The registry’s standing framing was: “this needs whole-program borrow inference, which conflicts with per-module incrementality” (architecturally blocked.) Fable ran around 5 fresh attempts in-session, hit the same wall, and then noticed the framing was a red herring: the borrow analysis already runs module-wide, and for a single-module program, the module is the whole program.

Opus read that same framing for months and treated it as a constraint. Fable falsified it.

its the same repo, same rules, same disproof history, same workflow. The model was the only variable that changed, and the outcome flipped. Is it possible that attempt 17 by Opus could have figured it out? sure. but there's 16 previous attempts that say otherwise.

As fars as anecdotes go, that’s about as controlled as it gets.


I’ve had a similar experience.

Pointing out past suboptimal / failing behaviours to new opus sessions would almost always actually create a sort of "anchoring bias" that would drive the agents towards exhibiting the failure mode (often while mentioning how it wouldn’t fall for it).

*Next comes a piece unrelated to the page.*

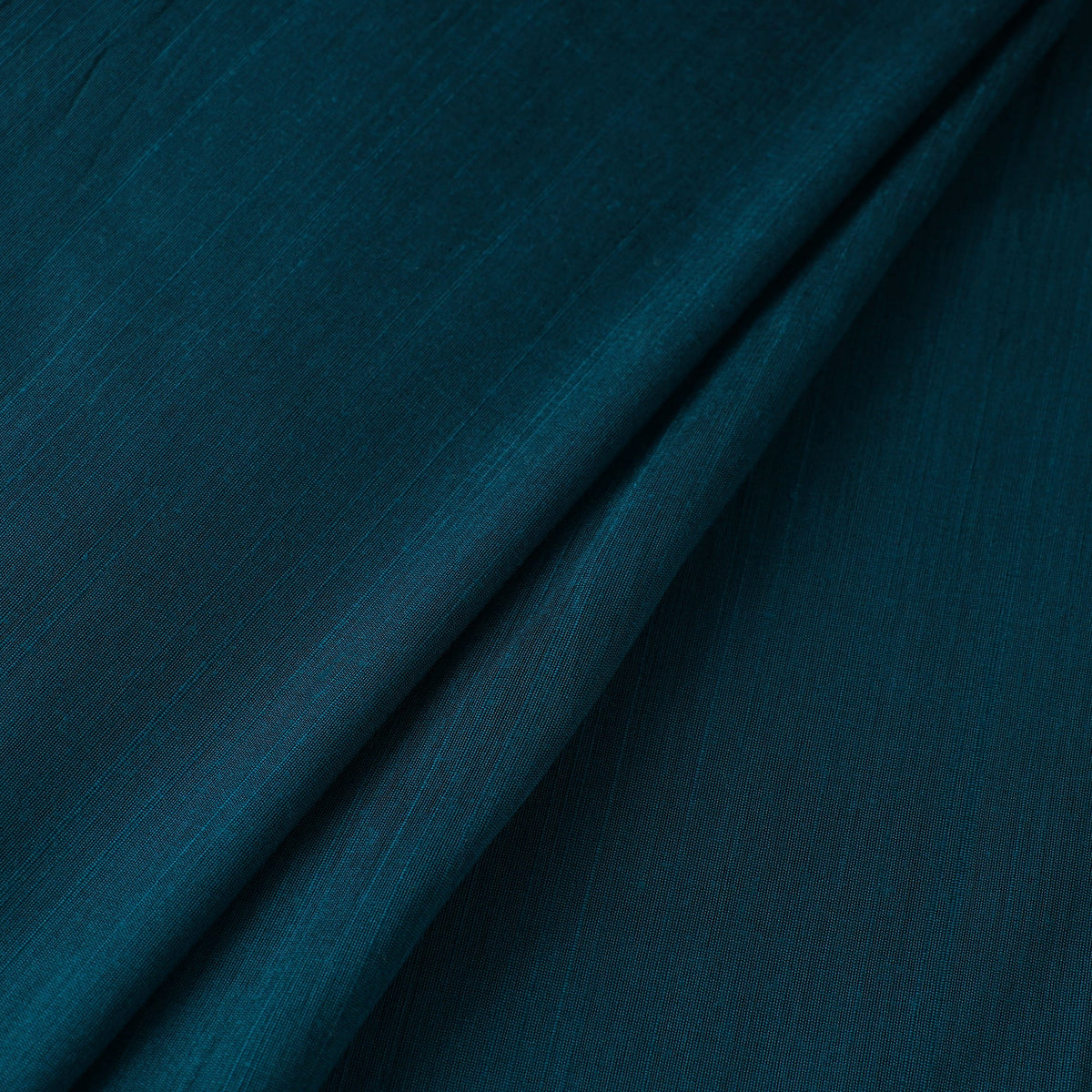 Blue - slub silk plain fabric 13 - handcrafted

As far as I can recall, Fable has been the first model to discover the documented failure modes, comment on them, and just… keep going, actually avoiding them. Quite a surprise.


I kind of enjoy exploring black boxes, trying how different inputs are mapping to differences in outputs. It's kind of like hacking. The problem is, they keep altering the box.

The box is stochastic by design, and has an untraceable amount of complexity between its context and output by nature.

It may be fun to look at inputs and outputs, but it's not hackable and trying to map one into the other is more like astrology than a science.


It's copromancy. Picking through the clanker's doings in an attempt to predict the future.

Thanks, you taught me a new word today! https://en.wikipedia.org/wiki/Scatomancy

It feels like Greek mythology should have some metaphor for "apparently simple structure that is so complex it leads anybody that studies it into madness". But I can't think of any name to put there.

Maybe the idea of complexity is too modern.


No but you see, I have a system! /s

(I spent too long by the horse racing track)


The third sentence got to what my objection was going to be. It's fun trying to make the thing do what you want it to do! That's why many of us like computers. It's the randomness that sucks and makes the process unsatisfying.